_Problem to solve_:
Copy the listing as it is written, and leave each picture out.

_Dataset records_:
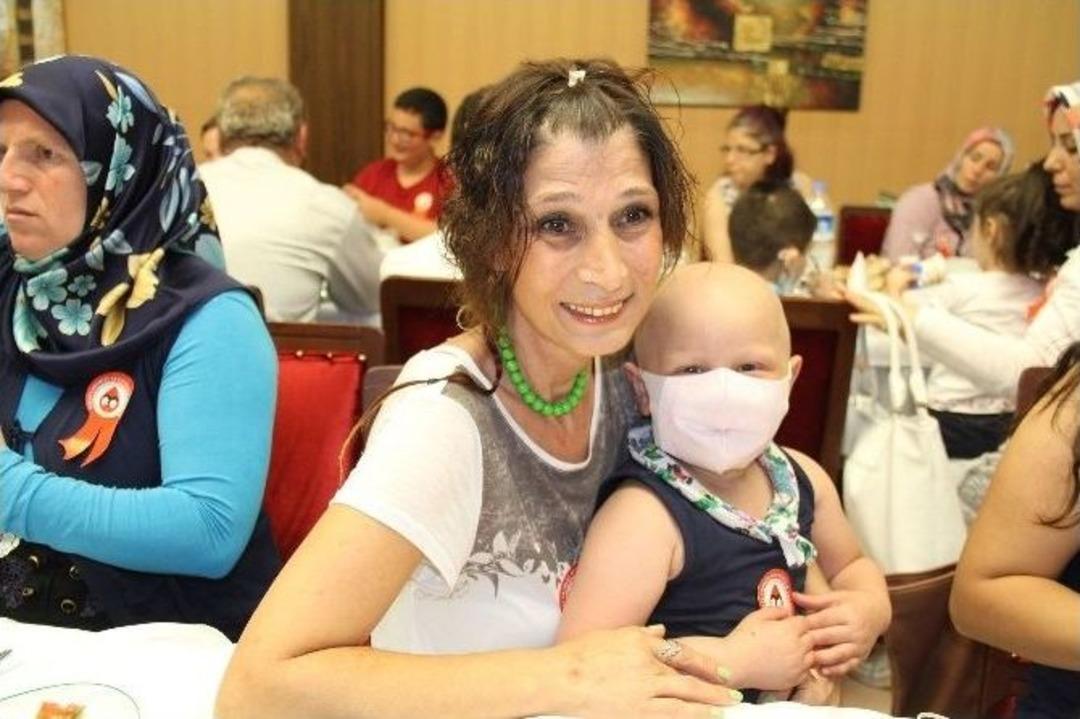 L&ouml;semili &Ccedil;ocuklara İftar Yemeği Verildi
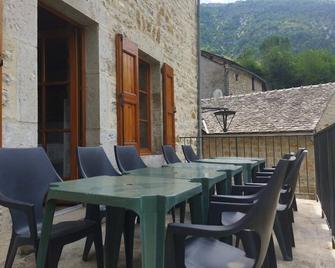Gîte 'Les Osiers' Le Pigeonnier sleeps 10, in the heart of the Gorges du Tarn - Gorges-du-Tarn-Causses - Patio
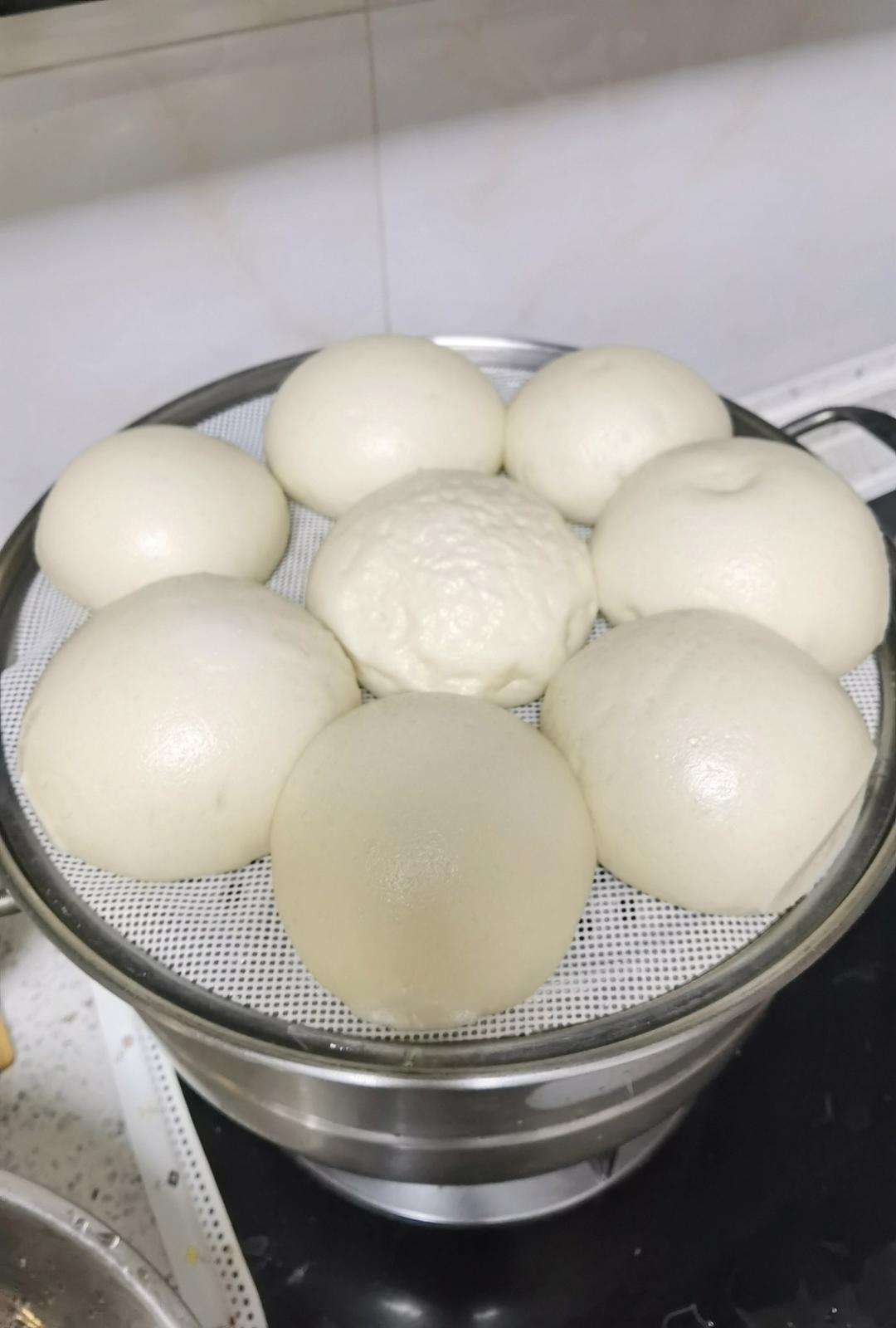 在面包机帮助下蒸馒头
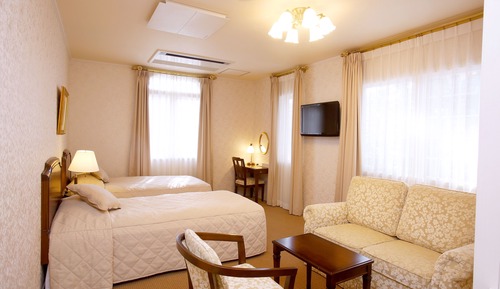 [Annex Building] Corner Twin Room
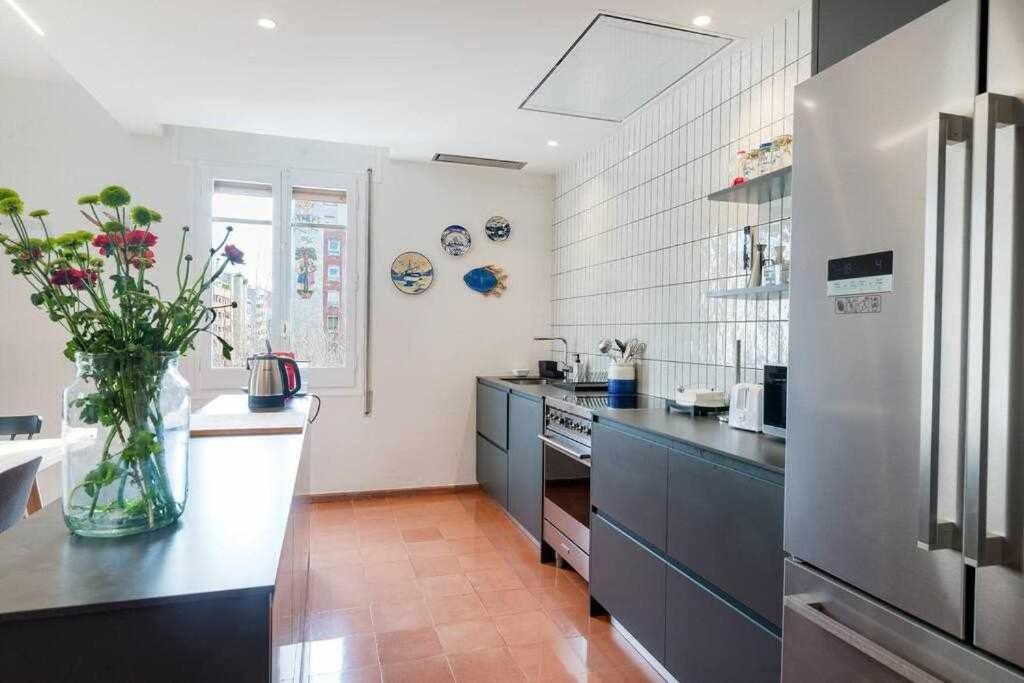 Appartement New Floor With A Lot Of Light & Aircon Gerona
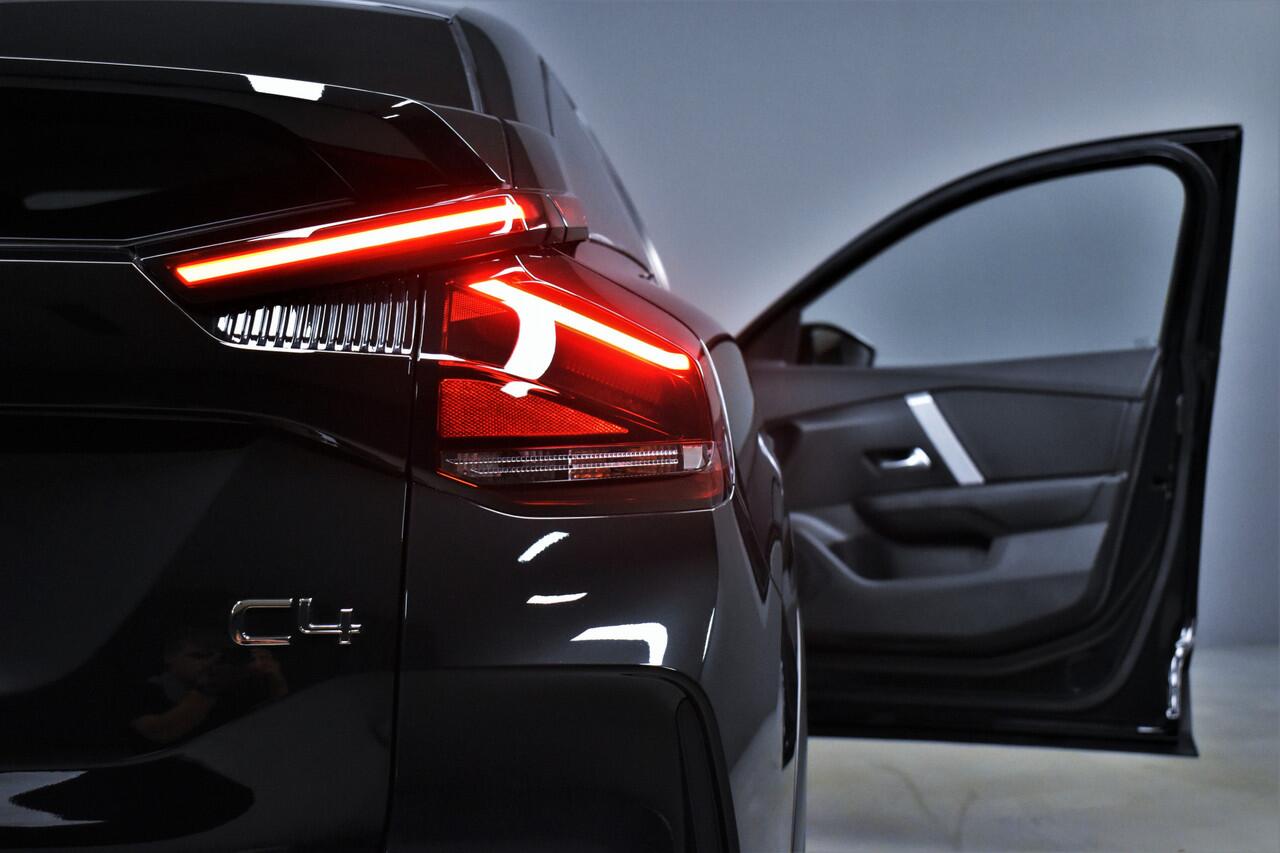 Citroen C4 1.2 131pk Automaat Puretech Shine Org.NL CarPlay/Massage/Head-up/360Camera/Keyless/Leer/Stoelverw.,/Led/Lmv18''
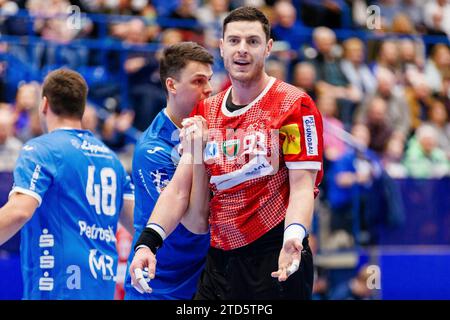 V.l. Frederik Simak (TBV Lemgo Lippe, #08), Mijajlo Marsenic (Fuechse Berlin, #93) GER, TBV Lemgo Lippe vs. Fuechse Berlin, Handball, 1. Bundesliga 17. Spieltag, Spielzeit 2023/2024, 16.12.2023 Foto: Eibner-Pressefoto / Jan Strohdiek Stockfoto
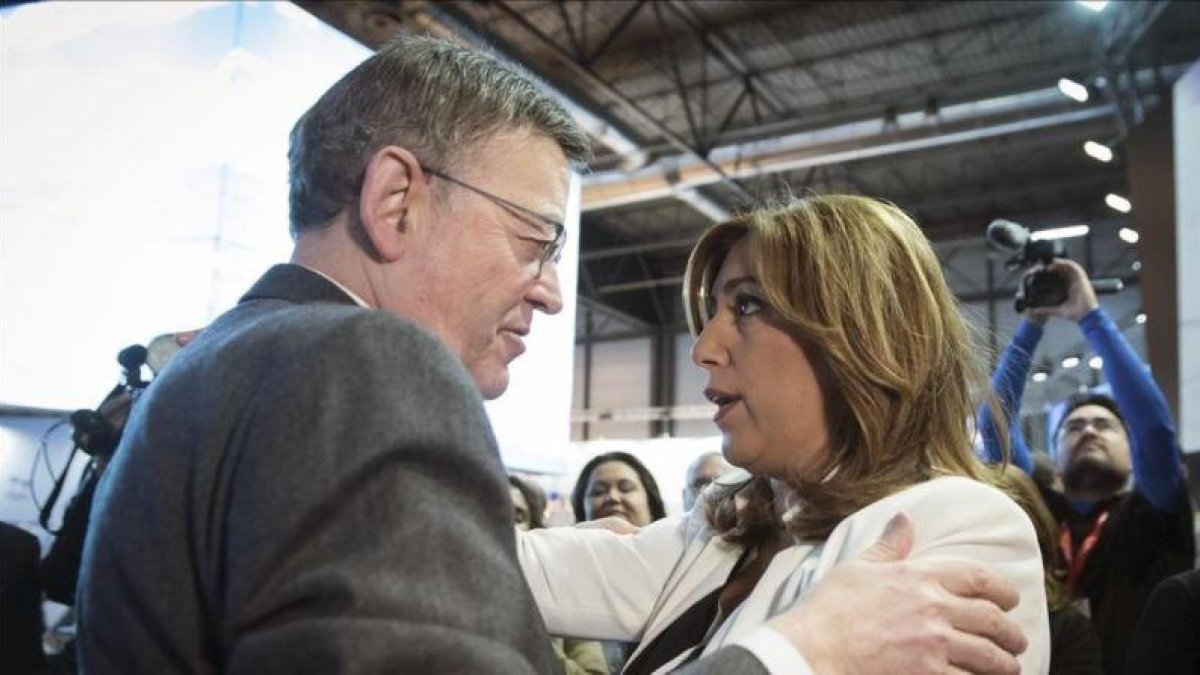 La presidenta de la Junta de Andalucía, Susana Díaz, saluda al presidente de la Comunitat Valenciana, Ximo Puig, este miércoles en el salón de turismo FITUR que se está celebrando en Madrid.-EFE / FERNANDO VILLAR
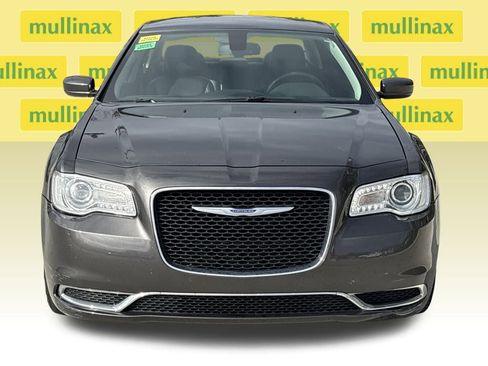 Used 2019 Chrysler 300 Touring L w/ Quick Order Package 22F image 14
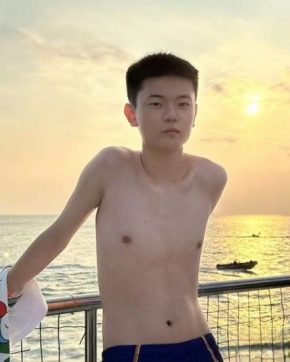 彭坦 深圳 20岁 171cm 53kg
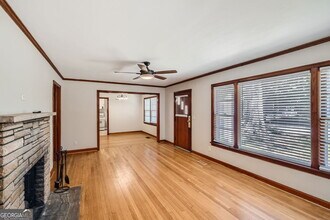3043 Cloverhurst Dr in East Point, GA - Building Photo - Building Photo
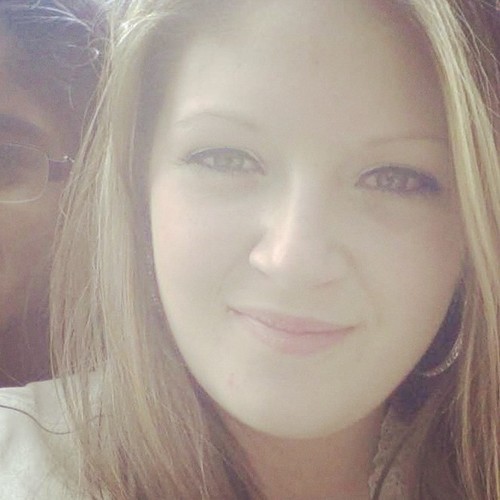 Melanietjeeex's profile picture. Be yourself and follow your heart while you can ♡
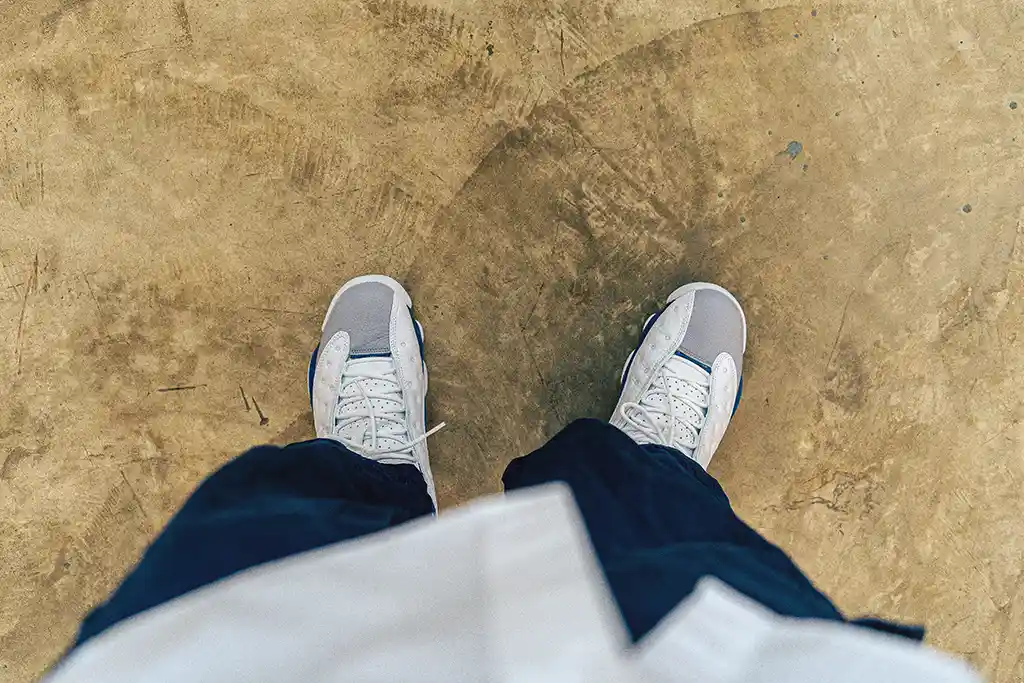 วันนี้ผมใส่ air jordan 13 french blue มาดูนิทรรศการฮะ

_Result for this exercise_:
 L&ouml;semili &Ccedil;ocuklara İftar Yemeği Verildi
Gîte 'Les Osiers' Le Pigeonnier sleeps 10, in the heart of the Gorges du Tarn - Gorges-du-Tarn-Causses - Patio
 在面包机帮助下蒸馒头
 [Annex Building] Corner Twin Room
 Appartement New Floor With A Lot Of Light & Aircon Gerona
 Citroen C4 1.2 131pk Automaat Puretech Shine Org.NL CarPlay/Massage/Head-up/360Camera/Keyless/Leer/Stoelverw.,/Led/Lmv18''
 V.l. Frederik Simak (TBV Lemgo Lippe, #08), Mijajlo Marsenic (Fuechse Berlin, #93) GER, TBV Lemgo Lippe vs. Fuechse Berlin, Handball, 1. Bundesliga 17. Spieltag, Spielzeit 2023/2024, 16.12.2023 Foto: Eibner-Pressefoto / Jan Strohdiek Stockfoto
 La presidenta de la Junta de Andalucía, Susana Díaz, saluda al presidente de la Comunitat Valenciana, Ximo Puig, este miércoles en el salón de turismo FITUR que se está celebrando en Madrid.-EFE / FERNANDO VILLAR
 Used 2019 Chrysler 300 Touring L w/ Quick Order Package 22F image 14
 彭坦 深圳 20岁 171cm 53kg
3043 Cloverhurst Dr in East Point, GA - Building Photo - Building Photo
 Melanietjeeex's profile picture. Be yourself and follow your heart while you can ♡
 วันนี้ผมใส่ air jordan 13 french blue มาดูนิทรรศการฮะ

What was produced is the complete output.